How to Participate in Foreign Investment Markets

There are several methods in which you can buy stocks in foreign companies, including:

  • An American Depositary Receipt (ADR) is a negotiable certificate issued by a U.S. bank representing a specified number of shares (or a single share) in a foreign stock traded on a U.S. exchange.
  • A Global Depository Receipt (GDR) is a bank certificate issued in multiple countries for shares in a foreign company. They trade as domestic shares and can be purchased through various banks around the world. You’ll find the majority of GDRs on the London and Luxembourg Stock Exchanges.
  • Multinational Corporations—companies that generate a good portion of their sales from their foreign operations.
  • Direct Investing. Not all countries are open to direct investing by non-citizens, but many companies in foreign countries list their shares on U.S. stock exchanges, in addition to their own country’s exchanges. For companies not listed on U.S. Exchanges, you can invest in two ways: 1) Opening a global account with a broker that allows trading in foreign stocks, in your home country. Many brokerages in the U.S. provide this service, including Fidelity, E*TRADE, Charles Schwab, or Interactive Brokers. 2) In some cases, you can also open an account with a local broker that offers services to international investors, in the country in which you wish to invest.

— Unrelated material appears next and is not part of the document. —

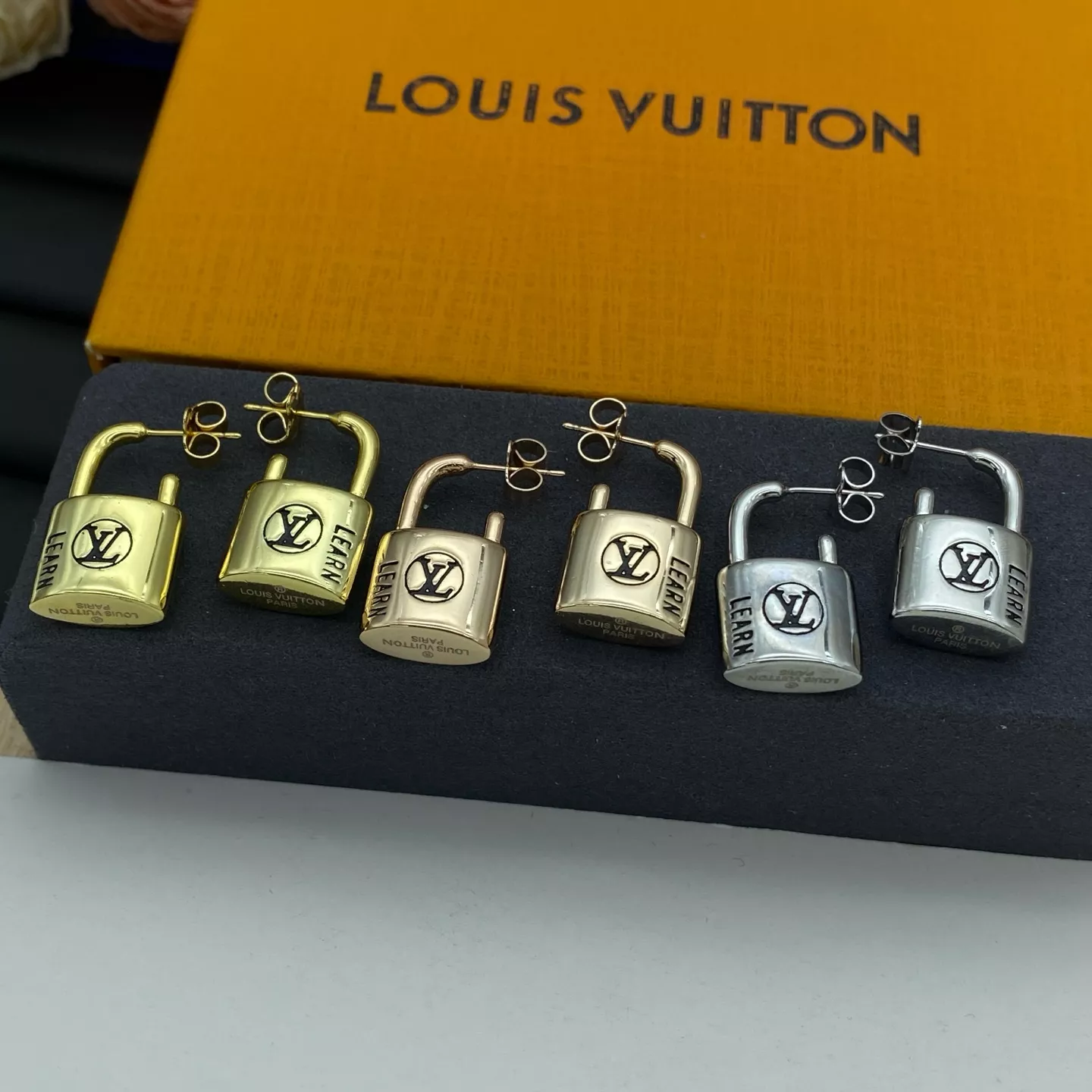Trendy 4275 Louis Vuitton Earrings For Women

However, investing directly in foreign countries carries lots of risk, including currency conversions, understanding financial regulations and statements, high costs, taxation difficulties, as well as adequate customer support, or even fraudulent brokers.

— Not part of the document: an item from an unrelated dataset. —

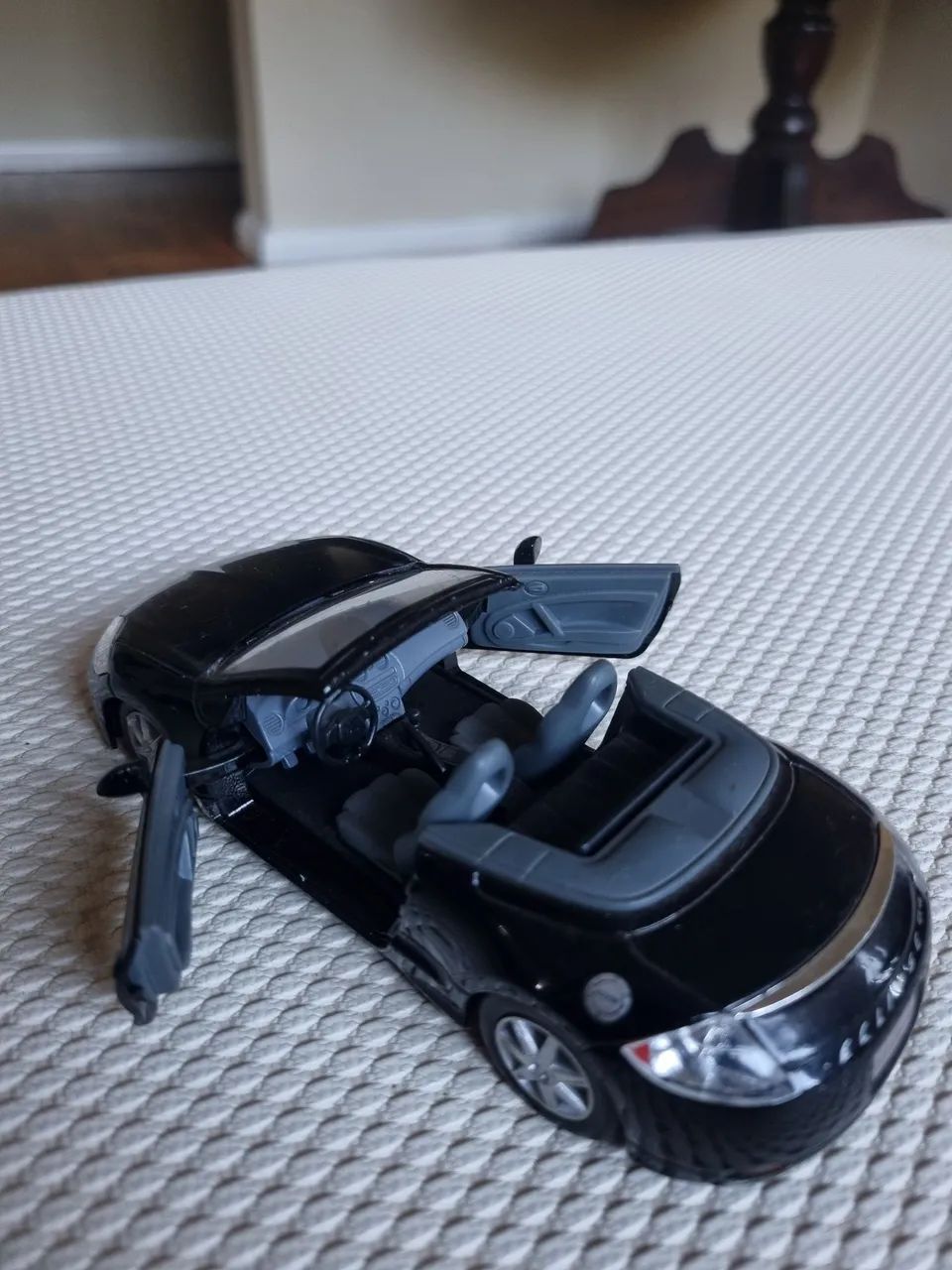 Miniatura Carro Mitsubishi Eclipse 2 Fast 2 Furious - Foto 4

Two less challenging and less risky methods of foreign investing are:

  • Mutual Funds and Exchange-Traded Funds (ETFs). Investors can depend on the research and often ‘boots on the ground’ analysts who understand their specific targeted countries and/or investments. And they come in lots of flavors: sector, country, or region-weighted; growth or value; conservative or aggressive.

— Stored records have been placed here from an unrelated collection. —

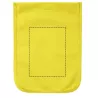 Chaleco de seguridad con bolsa para uso profesional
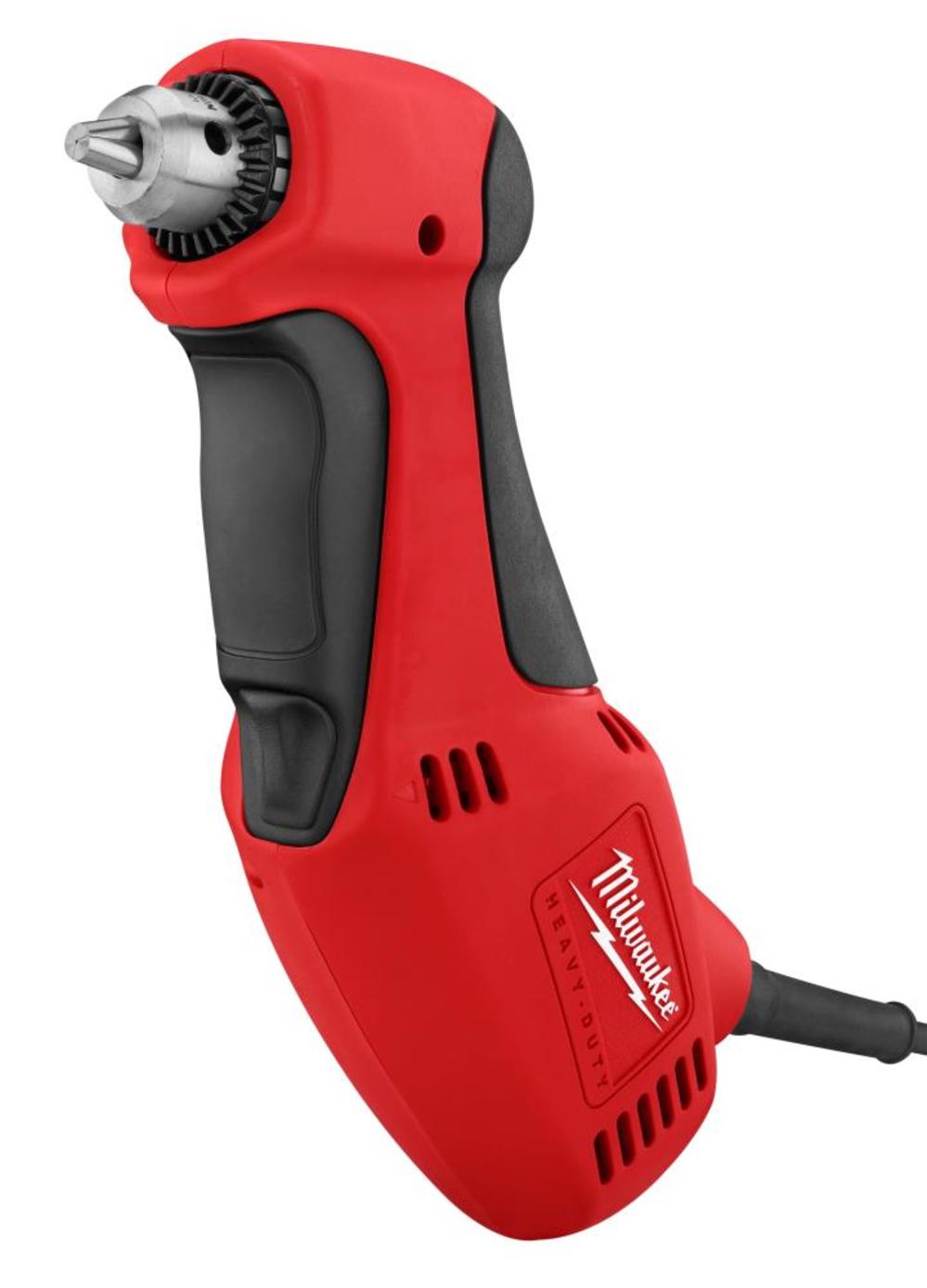 Milwaukee 3/8 in. Close Quarters Angle Drill 0370-20 from Milwaukee - Intensery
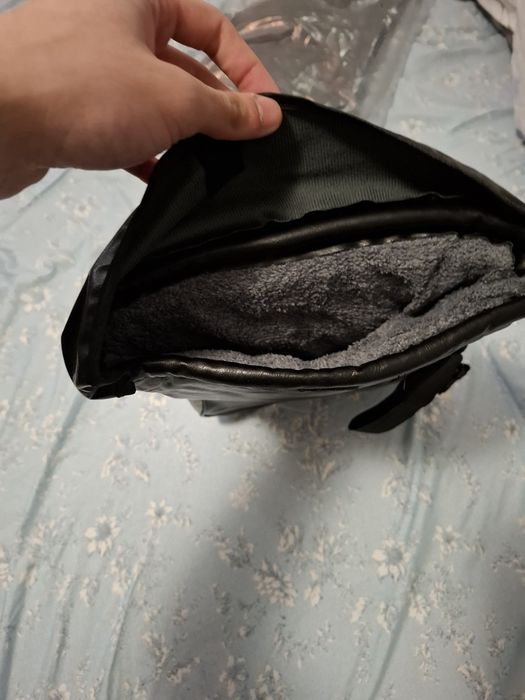 Зимові муфти на скутер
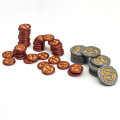 Castle Combo – 3D Deluxe Keys & Coins Set (100 pcs) 4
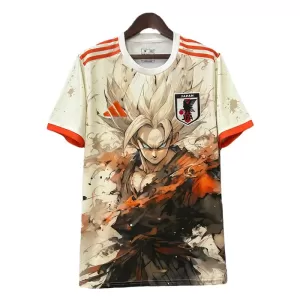 Japan x SonGoku Trikot 24/25 für Herren (Speziell) Japan x SonGoku Trikot 24/25 für Herren (Speziell)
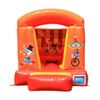 Springkussen Mini Circus 3x2m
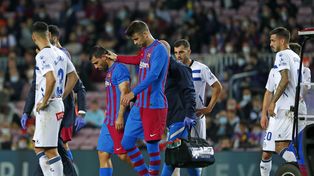 Agüero puso fecha para anunciar su futuro tras la afección cardíaca que lo dejó fuera de las canchas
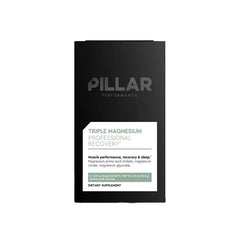 PILLAR Performance Triple Magnesium Sachet - Single - LEMON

Why Invest now in Global Stocks?

After a fantastic 2017 U.S. market, stocks in 2018 were a lesson in volatility. This prompted some experts to look further afield for investments and see the following possibilities:

Europe seems to be stabilizing, after years of currency, inflation, geopolitical and economic problems.

Emerging market stocks have taken it on the chin which makes them look very undervalued right now. But be aware, emerging stocks are often high-risk, high-reward opportunities.

How Much is Too Much to Invest?

The answer to how much is too much to invest in global stocks, of course, depends on your personal investing style and risk profile. In general, many investment pros recommend about a 30% allocation to global stocks (and no more than 50%).

Face it.  We are a global economy today—interdependent upon each other for trade, safety, and growth. So, why not participate in the full range of stocks offered throughout the world? Investing globally can help you mitigate risk by diversifying while increasing your gains as you obtain exposure to high-growth regions of the world.